*Exercise directions*. The task calls for an exact retyping of the lines from the one holding "Garden Grove, CA 92844,8515 Edgebrook DR" through the end of the listing, with pictures omitted and nothing added.
· · ·
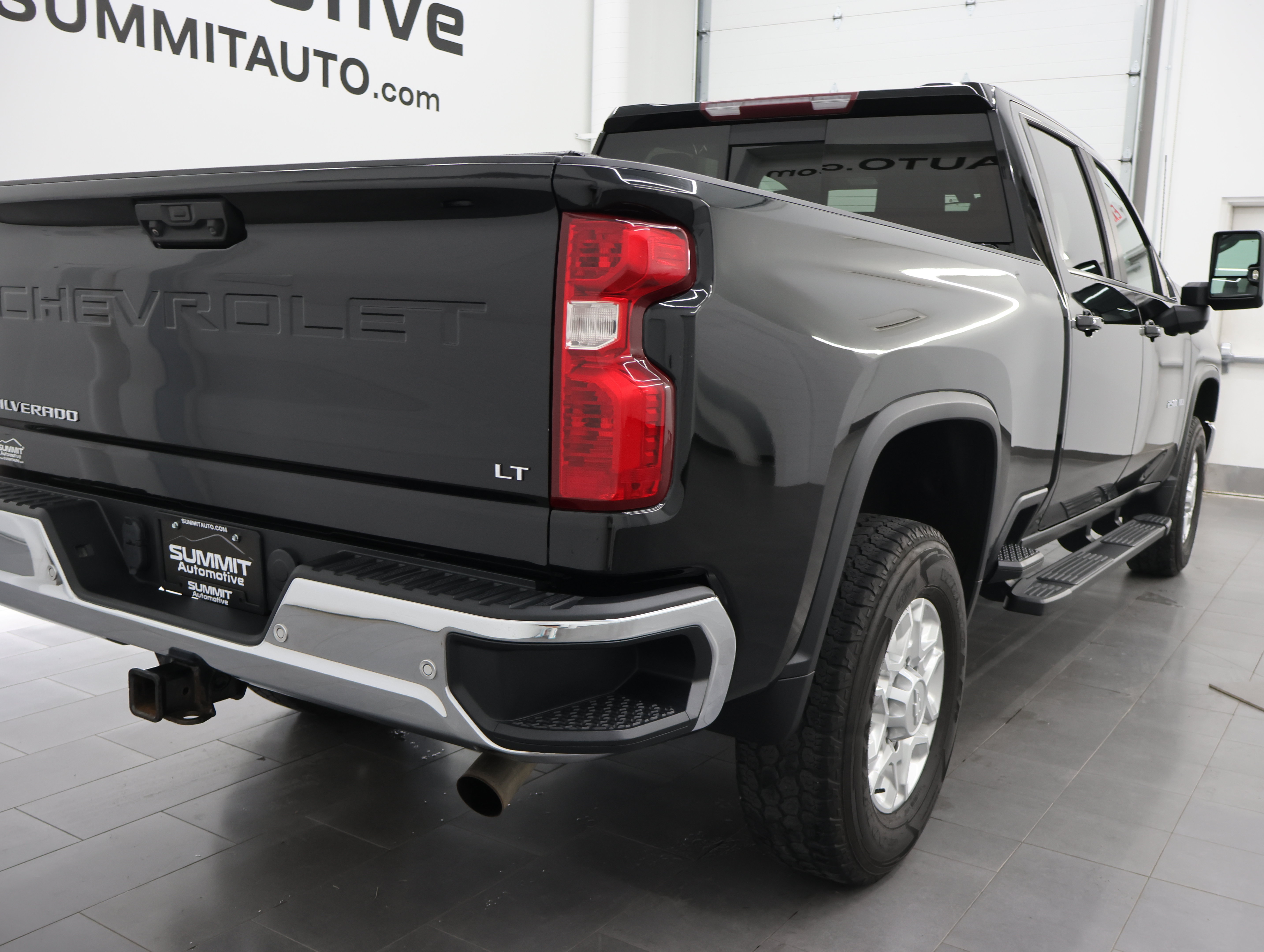 Used 2020 Chevrolet Silverado 2500 LT w/ All Star Edition AWD/4WD image 4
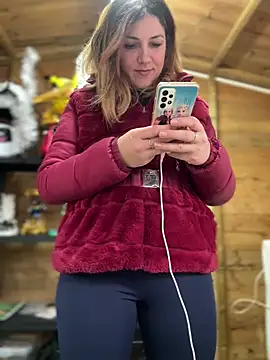 Snapshot of DaisyVibesss chatting on December 2024 01:14:01 PM DaisyVibesss online show from December 2024 01:14:01 PM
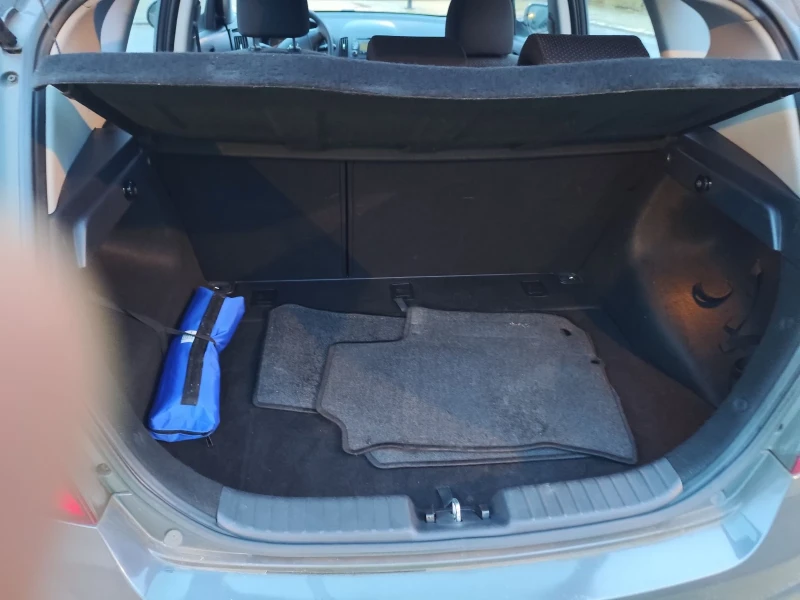 Hyundai I30 ПЕРФЕКТЕН , снимка 9 - Автомобили и джипове - 53458526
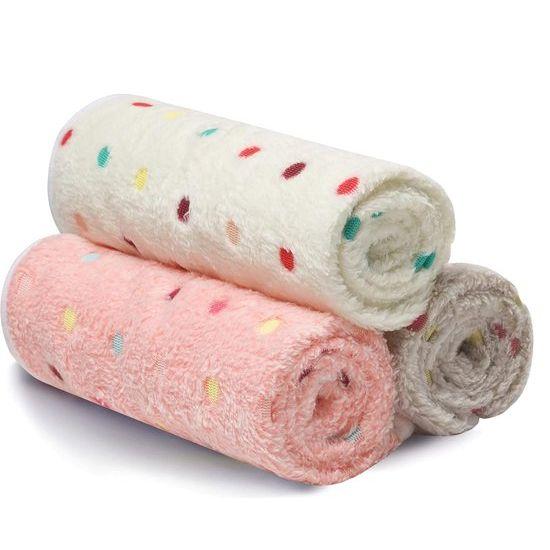 Soft Fleece Dog Blanket Set – Double-Sided Coral Velvet Pet Blankets for Couch in Cute Patterns, 3 Sizes Available 1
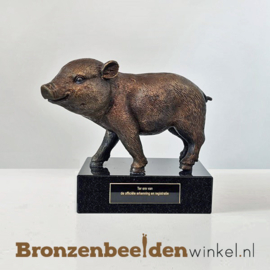 Bronzen beeld biggetje op sokkel BBW1377br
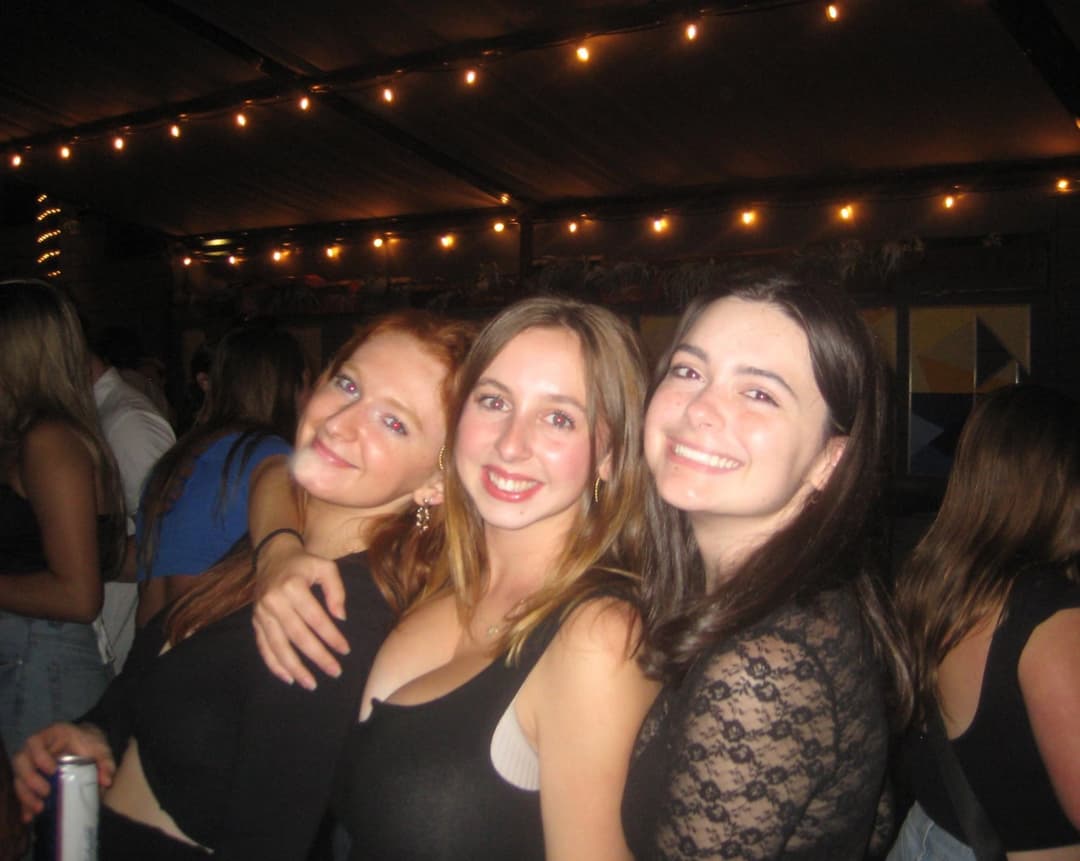 Click to view full size busty college girl Br1dg3t II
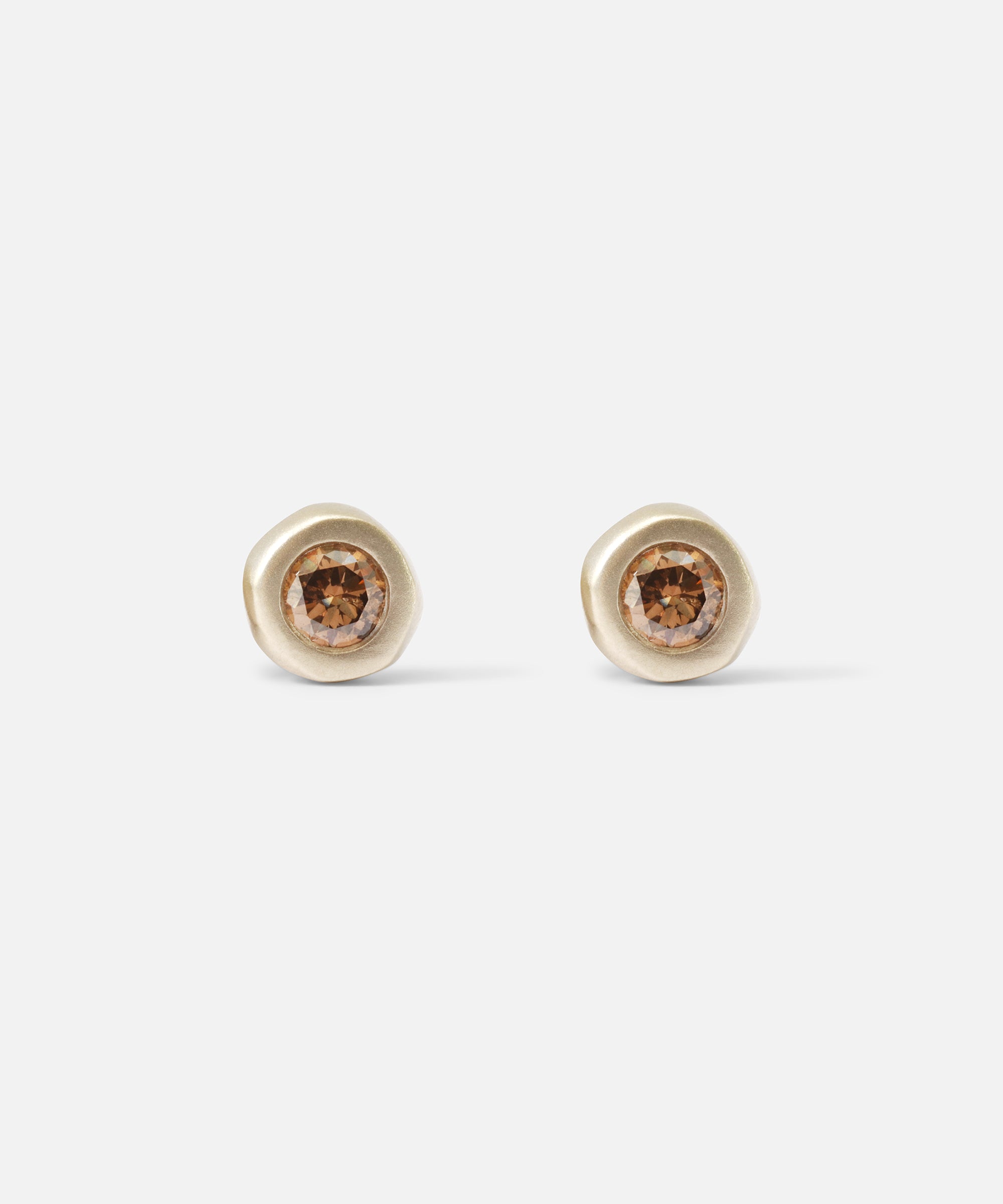 Pebble / 4mm Stud Earrings By Hiroyo in earrings Category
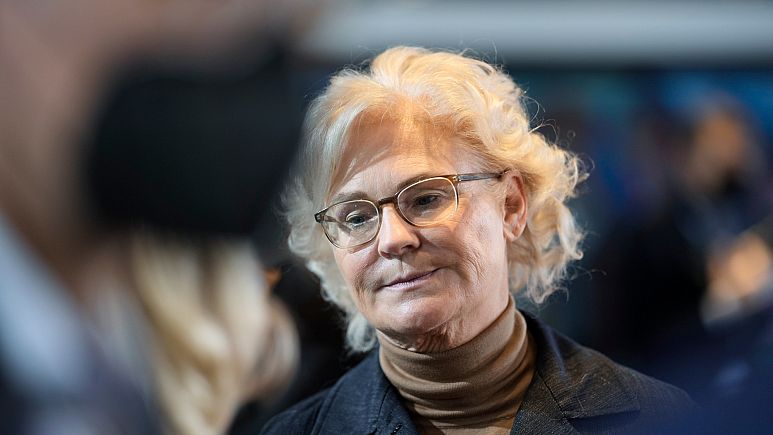 Ordunun helikopterine oğlunu bindiren bakan istifa etti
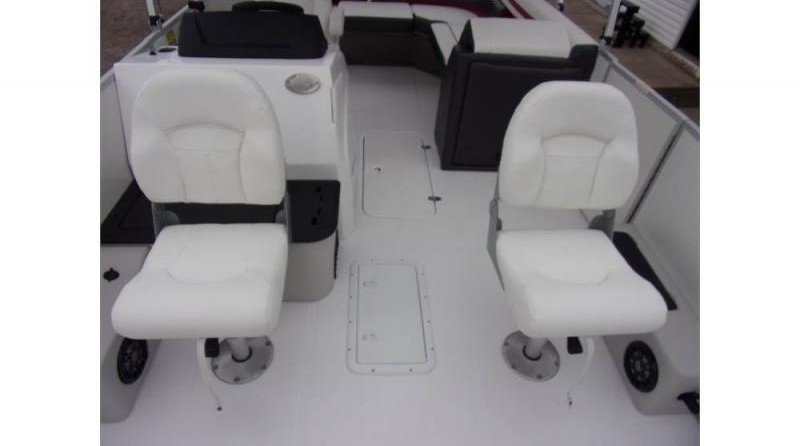 Hurricane fundeck 232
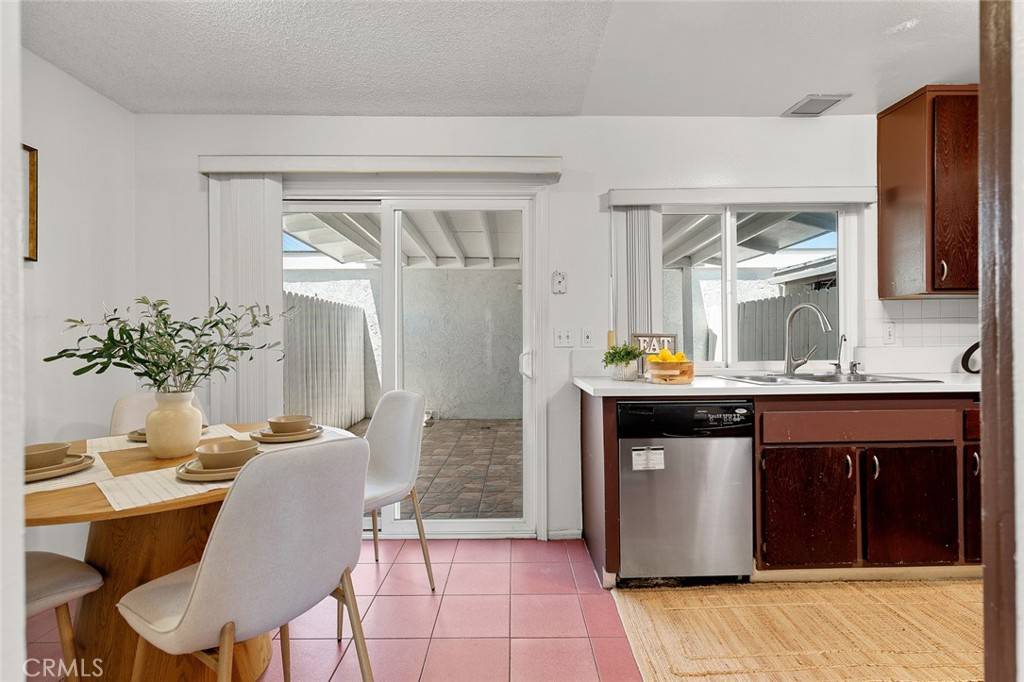 Garden Grove, CA 92844,8515 Edgebrook DR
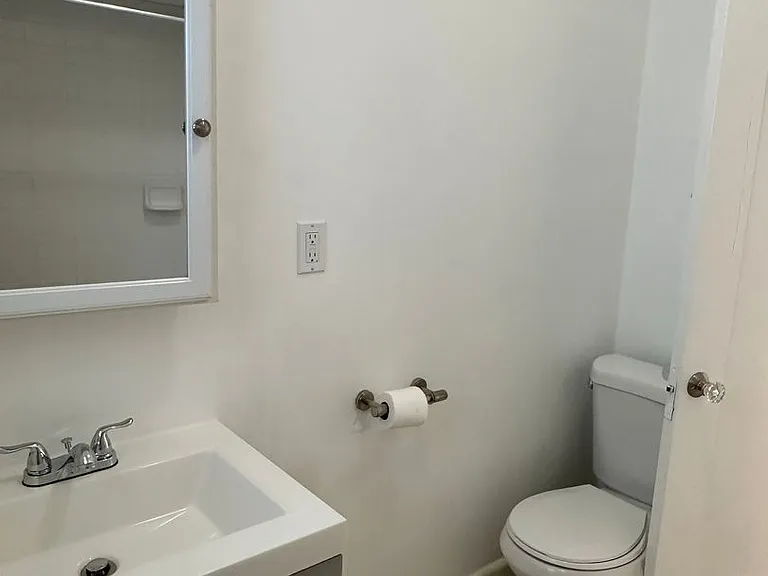 2438-2446 India St #2444 — Photo 19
· · ·
*Response area*.
 Garden Grove, CA 92844,8515 Edgebrook DR
 2438-2446 India St #2444 — Photo 19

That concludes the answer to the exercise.